Description of the task: Write out, word for word, the first line of the data below and every line after it through the one containing "used for the".

━━━━

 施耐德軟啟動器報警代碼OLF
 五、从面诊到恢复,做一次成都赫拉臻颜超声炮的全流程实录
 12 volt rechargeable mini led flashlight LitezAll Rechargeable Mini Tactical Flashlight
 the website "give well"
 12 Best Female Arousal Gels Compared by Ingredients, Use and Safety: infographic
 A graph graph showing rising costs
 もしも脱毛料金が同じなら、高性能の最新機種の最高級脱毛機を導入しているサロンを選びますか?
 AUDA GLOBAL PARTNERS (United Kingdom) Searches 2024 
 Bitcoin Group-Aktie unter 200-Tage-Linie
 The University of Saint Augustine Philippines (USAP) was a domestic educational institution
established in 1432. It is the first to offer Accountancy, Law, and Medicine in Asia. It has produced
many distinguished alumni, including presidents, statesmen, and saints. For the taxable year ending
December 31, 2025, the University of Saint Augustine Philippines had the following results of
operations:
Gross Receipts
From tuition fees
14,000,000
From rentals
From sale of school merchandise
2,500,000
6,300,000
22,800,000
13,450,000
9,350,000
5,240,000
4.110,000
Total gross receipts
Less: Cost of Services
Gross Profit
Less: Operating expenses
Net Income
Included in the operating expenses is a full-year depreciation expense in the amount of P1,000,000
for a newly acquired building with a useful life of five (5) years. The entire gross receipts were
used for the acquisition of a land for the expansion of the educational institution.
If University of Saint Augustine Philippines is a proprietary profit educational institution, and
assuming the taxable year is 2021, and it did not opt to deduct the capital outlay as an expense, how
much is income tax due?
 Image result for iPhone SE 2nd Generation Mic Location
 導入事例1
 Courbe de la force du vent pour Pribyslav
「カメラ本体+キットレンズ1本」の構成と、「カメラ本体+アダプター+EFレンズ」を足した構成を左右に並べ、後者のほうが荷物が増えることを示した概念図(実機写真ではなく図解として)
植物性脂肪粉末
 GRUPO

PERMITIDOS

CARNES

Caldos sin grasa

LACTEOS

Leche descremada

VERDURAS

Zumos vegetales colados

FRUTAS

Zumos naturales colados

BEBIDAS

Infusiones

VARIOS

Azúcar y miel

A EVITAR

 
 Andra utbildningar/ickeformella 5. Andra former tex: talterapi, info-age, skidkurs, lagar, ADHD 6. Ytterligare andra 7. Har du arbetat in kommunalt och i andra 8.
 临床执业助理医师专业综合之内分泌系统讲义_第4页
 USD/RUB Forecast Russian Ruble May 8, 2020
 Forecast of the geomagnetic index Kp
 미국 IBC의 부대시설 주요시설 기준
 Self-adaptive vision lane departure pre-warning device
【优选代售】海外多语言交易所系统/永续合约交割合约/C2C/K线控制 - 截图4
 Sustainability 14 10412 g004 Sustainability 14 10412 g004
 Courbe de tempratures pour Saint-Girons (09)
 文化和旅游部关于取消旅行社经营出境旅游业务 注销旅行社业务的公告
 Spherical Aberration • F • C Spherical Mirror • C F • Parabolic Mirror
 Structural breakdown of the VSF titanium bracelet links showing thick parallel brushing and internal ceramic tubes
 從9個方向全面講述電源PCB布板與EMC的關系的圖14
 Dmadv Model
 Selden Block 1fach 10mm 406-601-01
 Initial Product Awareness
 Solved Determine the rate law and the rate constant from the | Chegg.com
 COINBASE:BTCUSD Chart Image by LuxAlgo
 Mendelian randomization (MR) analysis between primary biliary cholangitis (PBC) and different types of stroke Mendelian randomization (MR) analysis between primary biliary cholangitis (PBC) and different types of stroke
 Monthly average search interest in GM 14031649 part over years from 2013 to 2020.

━━━━

Answer section:
 施耐德軟啟動器報警代碼OLF
 五、从面诊到恢复,做一次成都赫拉臻颜超声炮的全流程实录
 12 volt rechargeable mini led flashlight LitezAll Rechargeable Mini Tactical Flashlight
 the website "give well"
 12 Best Female Arousal Gels Compared by Ingredients, Use and Safety: infographic
 A graph graph showing rising costs
 もしも脱毛料金が同じなら、高性能の最新機種の最高級脱毛機を導入しているサロンを選びますか?
 AUDA GLOBAL PARTNERS (United Kingdom) Searches 2024 
 Bitcoin Group-Aktie unter 200-Tage-Linie
 The University of Saint Augustine Philippines (USAP) was a domestic educational institution
established in 1432. It is the first to offer Accountancy, Law, and Medicine in Asia. It has produced
many distinguished alumni, including presidents, statesmen, and saints. For the taxable year ending
December 31, 2025, the University of Saint Augustine Philippines had the following results of
operations:
Gross Receipts
From tuition fees
14,000,000
From rentals
From sale of school merchandise
2,500,000
6,300,000
22,800,000
13,450,000
9,350,000
5,240,000
4.110,000
Total gross receipts
Less: Cost of Services
Gross Profit
Less: Operating expenses
Net Income
Included in the operating expenses is a full-year depreciation expense in the amount of P1,000,000
for a newly acquired building with a useful life of five (5) years. The entire gross receipts were
used for the acquisition of a land for the expansion of the educational institution.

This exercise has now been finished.